Potrebbe andare bene comunque, potremmo farcene una ragione. Siamo troppi: non è possibile un dialogo tra 50 milioni di persone, forse neanche tra 900 (600 adesso, ma il problema peggiora, direi, se questi rappresentano i pensieri dei 50 milioni). Quei 600 rappresentano idee troppo diverse per essere fuse, e soprattutto non hanno un collegamento serio all’indietro, verso la loro base, per avere un feedback sulla disponibilità dei 50 milioni ad accettare le nuove proposte. L’unico feedback esistente sono i media, e il risultato è un continuo buttare lì proposte e guardare le reazioni sui social, sui sondaggi. È la nostra nuova democrazia, facciamocene una ragione. E forse è meglio di niente.

Ma si potrebbe fare molto meglio. La tecnologia potrebbe aiutare di più. Non tanto per fornire piattaforme digitali di voto, quanto per fornire uno spazio di discussione che permetta a numeri sempre maggiori di persone di esprimersi, di manifestare i propri bisogni anzitutto (non servono particolari competenze per raccontare il proprio disagio) e anche le proprie proposte. Il contenitore, lo spazio per questo dialogo digitale potrebbero essere i partiti stessi, che dovrebbero dotarsi di forme di democrazia interna più al passo coi tempi (e, diciamocelo, con tutte le loro contraddizioni i 5S qualche passo in questo senso l’hanno fatto) o, io preferirei, un’arena globale in cui si discute di temi concreti e serve come base per conoscere/scegliere singoli rappresentanti non pre-coalizzati in partiti.

Se escludiamo la difesa di interessi di casta e di ideologie, entrambi fattori che considero deleteri e/o sorpassati, non c’è davvero più nessun motivo serio di esistenza di formazioni politiche. Sono solo il parto (e la premessa) di una politica muscolare e non intelligente.

Il cuore

Photo by Tim Marshall on Unsplash

Se questo era il cervello, mi piace pensare che ci sia anche un cuore. Il cervello, la razionalità, servono per condividere le proposte, per esprimerci e dialogare, raffinare. Le idee, quello che ognuno di noi porta in questo dialogo bisogna pescarle altrove, altrimenti questa elaborazione si riduce a ribadire i concetti già espressi da altri, si riduce a una serie di mi piace. Il cuore è individuale, non collettivo, le idee, anche quelle politiche, arrivano da un profondo non esprimibile a cui ognuno di noi è in grado di accedere. Un profondo che etichettiamo di volta in volta con termini come spiritualità, filosofia, arte, amore per la conoscenza, per la natura.

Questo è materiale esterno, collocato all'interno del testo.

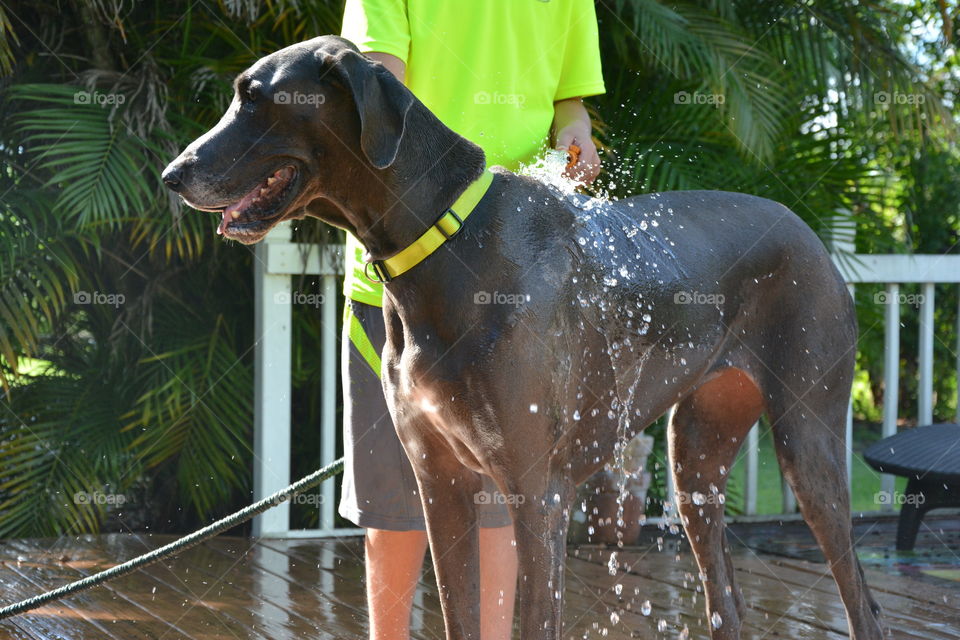 My son washing our big blue Great Dane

In definitiva, credo debba partire tutto da qui, dal cuore. Senza di questo il resto è un vuoto blaterare. E al cuore devono arrivarci tutti. Oggi relativamente poche persone, gli esperti, i saggi, sono in grado di partorire pensieri originali, un gruppo più ampio discrimina, veicola queste idee e la massa non può che subirle. Purtroppo il cuore, soprattutto l’amore per il cuore, non si insegna granchè a scuola. Siamo impregnati di razionalità, di ricerca dell’efficienza e nascondiamo i tesori alle nuove generazioni. Formiamo greggi di schiavi/consumatori e, in politica, li illudiamo di poter “condividere la sovranità”. Quello che abbiamo di fatto realizzato è un’elite che manovra eserciti di consensi, e ci accorgiamo che non funziona, che le leggi non sono che traballanti stampelle se l’humus che ha partorito le idee alla base di quelle leggi non è condiviso da tutti. Se no non lamentiamoci ci dover poi votare Lapo.